_EXERCISE GOAL_
The required result is the number of lines in this material containing the word "into". Write that number and no other text.
═══ DATASET RECORDS ═══
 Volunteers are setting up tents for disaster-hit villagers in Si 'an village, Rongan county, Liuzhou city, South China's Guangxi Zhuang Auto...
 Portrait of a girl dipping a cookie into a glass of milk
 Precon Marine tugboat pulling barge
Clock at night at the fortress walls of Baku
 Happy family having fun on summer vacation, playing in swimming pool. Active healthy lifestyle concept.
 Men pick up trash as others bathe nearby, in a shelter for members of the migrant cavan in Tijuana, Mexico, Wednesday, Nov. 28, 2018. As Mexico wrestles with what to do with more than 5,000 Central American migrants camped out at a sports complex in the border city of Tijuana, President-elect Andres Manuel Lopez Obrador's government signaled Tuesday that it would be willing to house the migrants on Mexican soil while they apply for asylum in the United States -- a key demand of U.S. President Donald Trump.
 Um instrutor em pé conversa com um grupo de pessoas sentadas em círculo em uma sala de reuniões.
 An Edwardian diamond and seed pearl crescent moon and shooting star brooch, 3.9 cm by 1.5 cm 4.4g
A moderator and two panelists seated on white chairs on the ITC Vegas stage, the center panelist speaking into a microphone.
═══
═══ DATASET RECORDS ═══
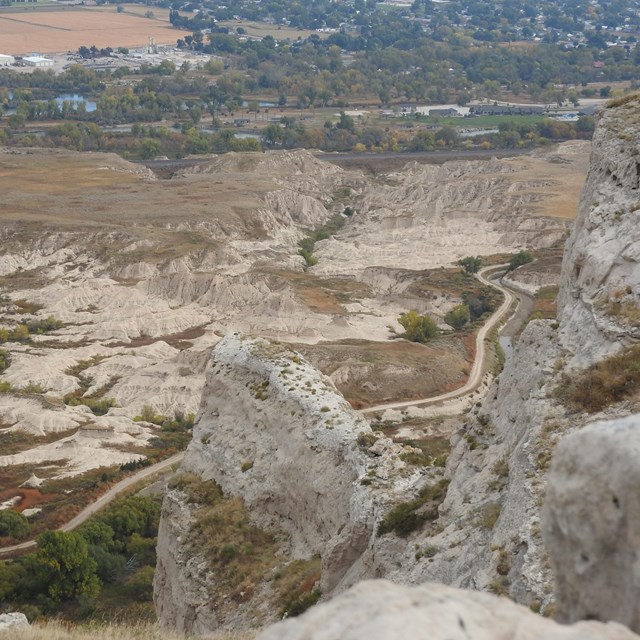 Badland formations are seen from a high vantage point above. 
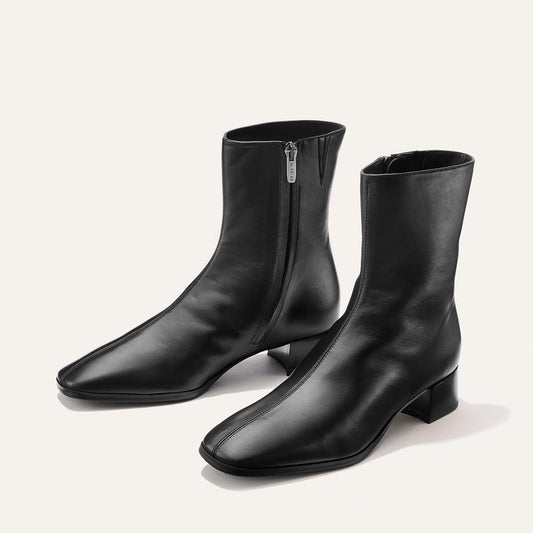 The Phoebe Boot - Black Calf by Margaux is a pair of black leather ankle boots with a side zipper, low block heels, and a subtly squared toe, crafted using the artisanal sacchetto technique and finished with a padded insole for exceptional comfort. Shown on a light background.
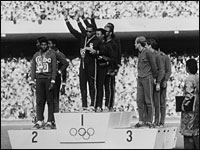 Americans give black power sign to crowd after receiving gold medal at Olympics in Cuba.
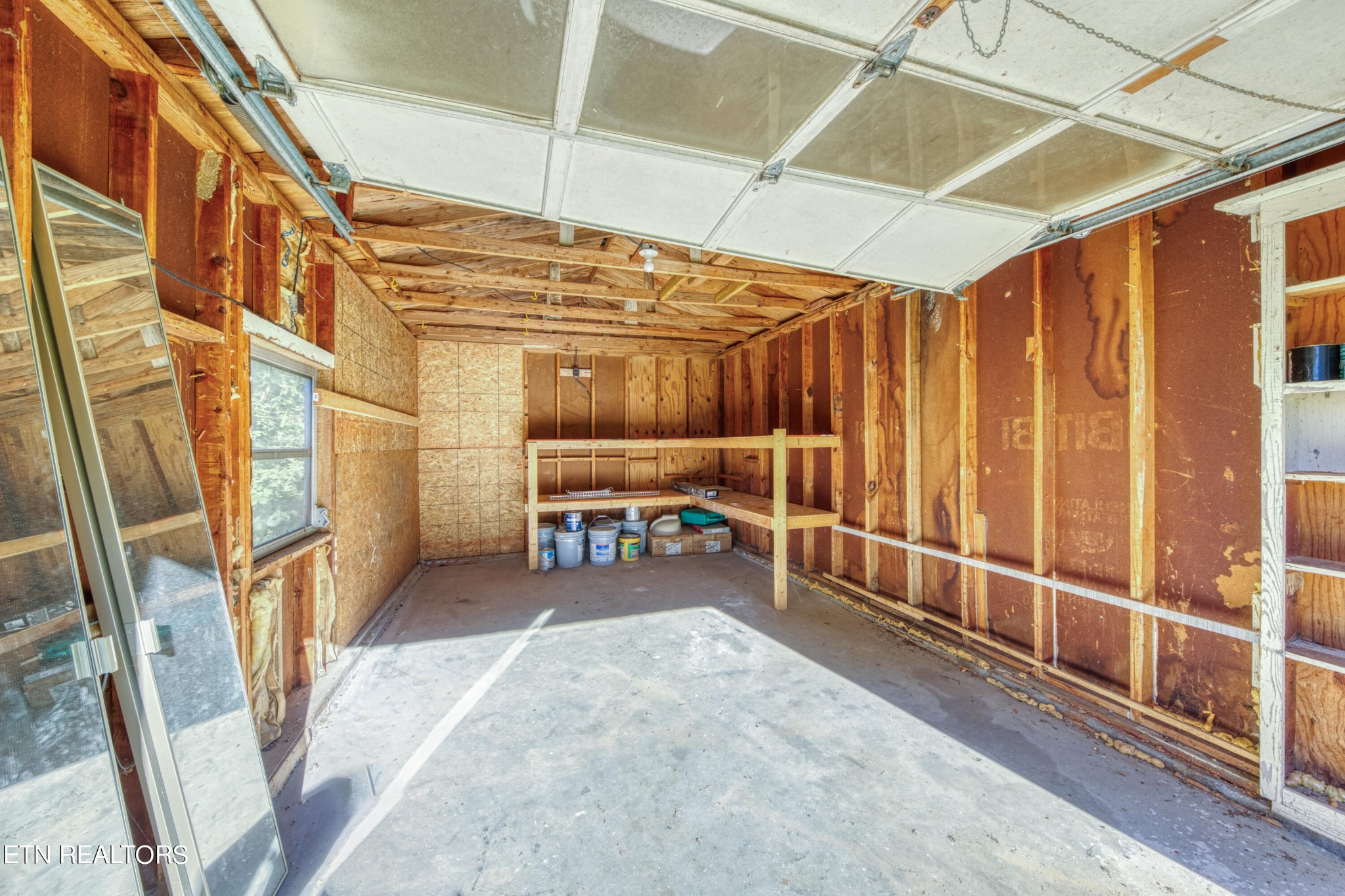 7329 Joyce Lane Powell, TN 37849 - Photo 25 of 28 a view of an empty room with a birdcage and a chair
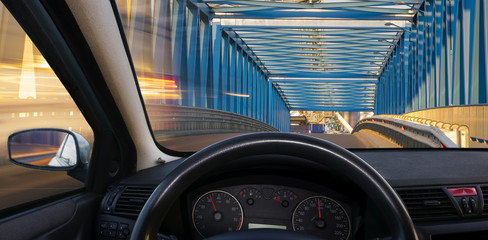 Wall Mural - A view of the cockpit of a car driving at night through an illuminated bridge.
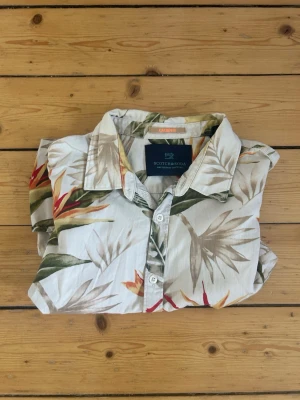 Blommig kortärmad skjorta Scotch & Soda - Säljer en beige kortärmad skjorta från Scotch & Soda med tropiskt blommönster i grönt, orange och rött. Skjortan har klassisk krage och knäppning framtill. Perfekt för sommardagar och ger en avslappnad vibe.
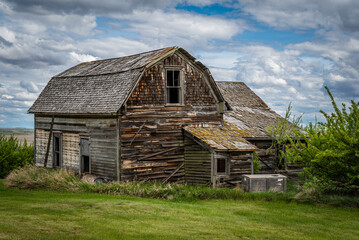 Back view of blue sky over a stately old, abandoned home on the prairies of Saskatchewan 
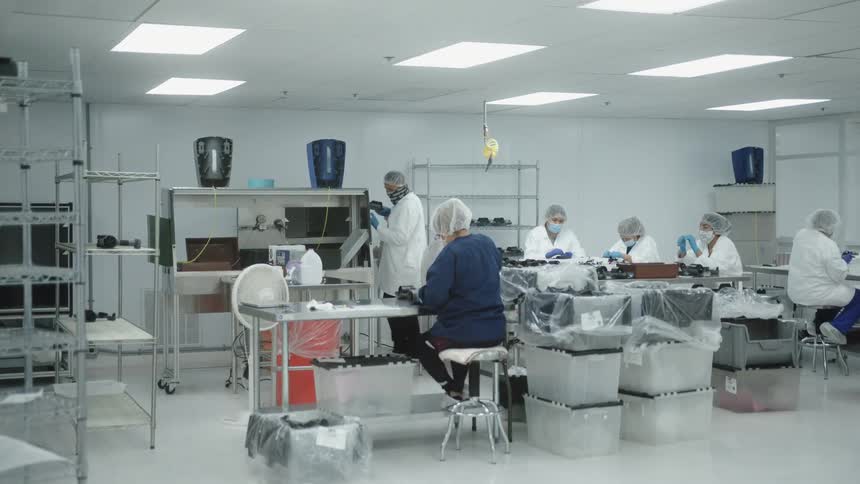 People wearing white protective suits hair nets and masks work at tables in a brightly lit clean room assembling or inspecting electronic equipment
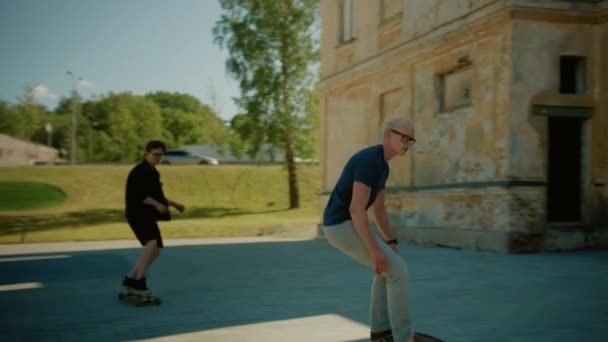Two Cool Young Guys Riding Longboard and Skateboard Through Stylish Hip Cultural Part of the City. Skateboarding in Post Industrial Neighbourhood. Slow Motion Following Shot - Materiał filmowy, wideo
═══
_REPLY TO THE EXERCISE_
2